Now, don't get me wrong- my job is wonderful as far as having to have a job goes. I have a lot of flexibility that I wouldn't have had teaching. But it still is a struggle.
Like these snow days. Getting to stay home with Brian was wonderful. But then this morning when I had to go back to work, the sadness set in and the struggling began again. Brian wanted to play cars for a little bit this morning before work, so I "sacrificed" some time when I should have been making myself look a little better than I actually look today (haha) and we played in his room. He kept running around and dancing saying, "MY MOMMY!!!!!!" He was so happy that I was there. I know in his little 3 year old mind, he thought we were going to be spending the day together again. I wanted to curl up in the fetal position and cry my heart out.
And to make matters worse, my mom sends me a text after I get to work that said: "He just ran through the house with a sad look and said "Mommy's gone!"" My heart shattered a little more.
And to make matters even WORSE, he is leaving this afternoon to spend the weekend with his dad. Which is going to be hard anyway because I have had him the last 2 weekends in a row.

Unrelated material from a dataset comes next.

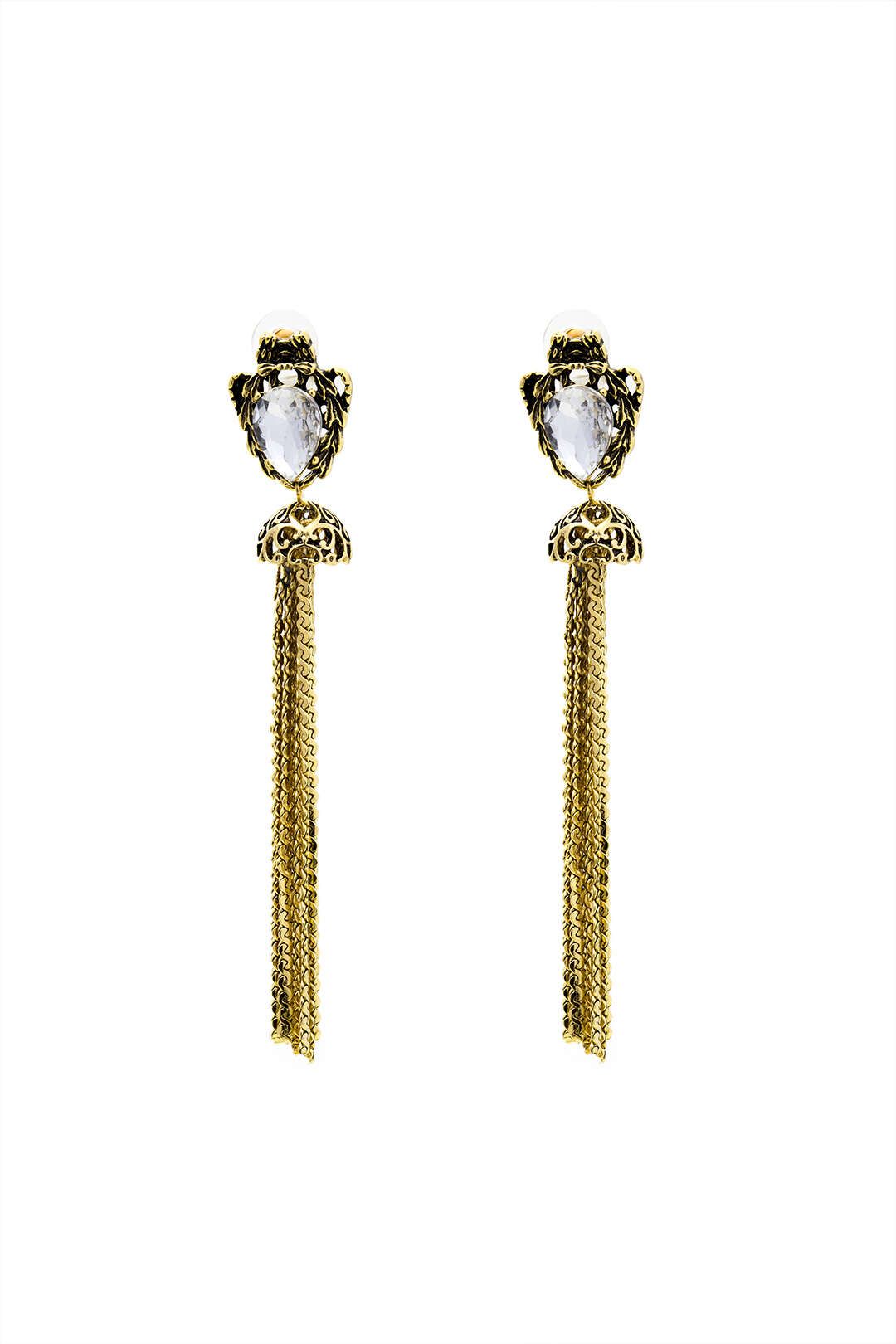 Crystal Fringe Earrings sold by Micas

So I am asking you to please pray for me specifically. A few weeks ago, I approached my boss (my stepdad) with a proposal. Since I am getting married next month, we can afford to take a slight decrease in income. Wes and I already have a plan in action to pay off my car, get our emergency savings squared away, and then save up 5 months salary. He wants me to stay at home as much as I do. So in order to be able to do that, I would have to continue working for 18 months. Which in the grand scheme of things, isn't a long time. It would be just in time to start homeschooling Brian. But I came up with a proposal to maybe speed things along. I offered to continue doing all of my responsibilities here at work, but 2 nights a week instead of full time 8-5 everyday. I have a LOT of downtime here at work. Frankly, there are days that I watch 6 hours of television on hulu.com to be bluntly honest :) So I know without a doubt that 2 days a week is plenty for me to maintain my responsibilities here. I also offered to do this with a nearly $8,000 decrease in pay a year, as well as no longer taking health insurance (I can get on Wes's policy). So I laid it out there and told him to please think about it. I am going to approach him about it again soon, so PLEASE pray for me. I cannot tell you how important this is to me. It is also so hard to just let go and let God, which is exactly what I need to do. But silly me, I always get so worked up over things that mean so much to me instead of just trusting in the fact that God will meet my needs and what is best for my family. So please pray for me to trust and let go of this, and that God will provide a way for me to stay home with Brian more.